One thing I like about this book is the fact that Saramago mentions dogs frequently. Like the scene on pages 140-44 where Raimundo interrupts his errand to see Dr. Maria Sara in order to feed the stray dog who has been hanging around his apartment. One of the things that strikes me about this scene is the fact that Raimundo can’t just give the dog food and go on his way. He has to wait and make sure the dog eats the food, and this makes him late.
It’s almost as though Raimundo’s and the dog’s roles are reversed in this scene. It starts out with the dog wailing piteously to get Raimundo’s attention, then as soon as Raimundo decides to help the dog, he is almost falling all over himself to please the starving dog. First he “decides to return home to find something that a famished dog dare not refuse,” even though he needn’t worry because a starving animal isn’t likely to refuse anything one sets in front of it (141). Once he finds something, the narrator tells us “he was so worried about being late and making a favourable impression when he puts the fruits of his plunder before the dog” (141-2). What I get from this statement is the sense that the “favourable impression” he’s worried about making is with both Dr. Maria Sara and also with the dog. He hovers just “three paces away” from the food, as though he is eager to make sure this food pleases the dog. It is only when he realizes that his proximity keeps the dog from enjoying his scraps that he moves away.
Raimundo is very anxious for the dog not to reject his offering, for how insulting would it be to be rejected by a beggar? He is just like the dog, only what he is starved for and wants from the dog (and other people) is friendship; “[o]n condition that it’s friendship is returned” begins Raimundo before switching to a short meditation on the nature of the Moorish perception and treatment of dogs—he never sufficiently follows up that opening phrase about friendship (140). Raimundo doesn’t speak the actual follow-up to this statement, which if finished would be “[o]n condition that it’s friendship is returned, I will feed this dog.” In the same way the dog is wary of eating for fear of being kicked, Raimundo is wary of reaching out to other creatures—even a dog, who “might well be [man’s] one and only remaining friend”—for fear of being rejected (140). I see this at play in Raimundo’s first meeting with Dr. Maria Sara when he snaps at her about deleaturs.

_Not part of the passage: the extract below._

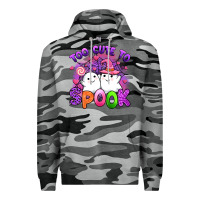 Slate Camo too cute spook Premium Hoodie - Artiststas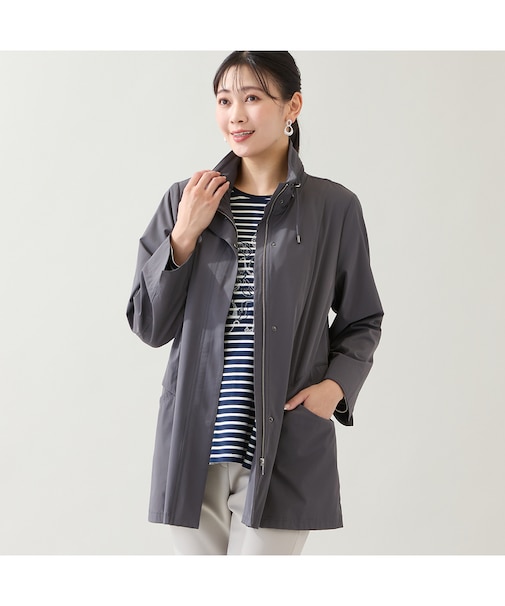 【快適ストレッチ・3L/4Lサイズあり】フード内蔵 ライトジャケット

He may sense his own similarity to this starving dog, as he is starved for companionship and human relationships, but I don’t think he fully realizes it yet. He muses on the “otherness” dogs represent to different religious groups, here he speaks of how the Moors consider dogs dirty, and a few chapters back he discusses how, historically, Christians and Moors called each other “dogs” and both groups referred to Jews the same way. Raimundo himself is outside normal society; he’s always alone, he doesn’t even talk to his cleaning lady, or if he does he’s not interested in what she has to say. He and the dog are the same in many ways, and the narrator even shows them as mirrors on page 140, the dog’s first mention in this scene: “[n]ow ... [Raimundo] is standing on the Escadinhas de São Crispim, eyeing the dog who is watching him.” The difference is that the dog openly cries out for what it needs, whereas Raimundo does not; he seems bottled up inside himself. I think throwing away his hair dye is the first step towards actively seeking companionship, as is his fantasizing about Dr. Maria Sara, and even accepting a ride from her like he does at the end of today’s section. I hope to see Raimundo’s relationship with the dog develop as well as his relationship with Dr. Maria Sara.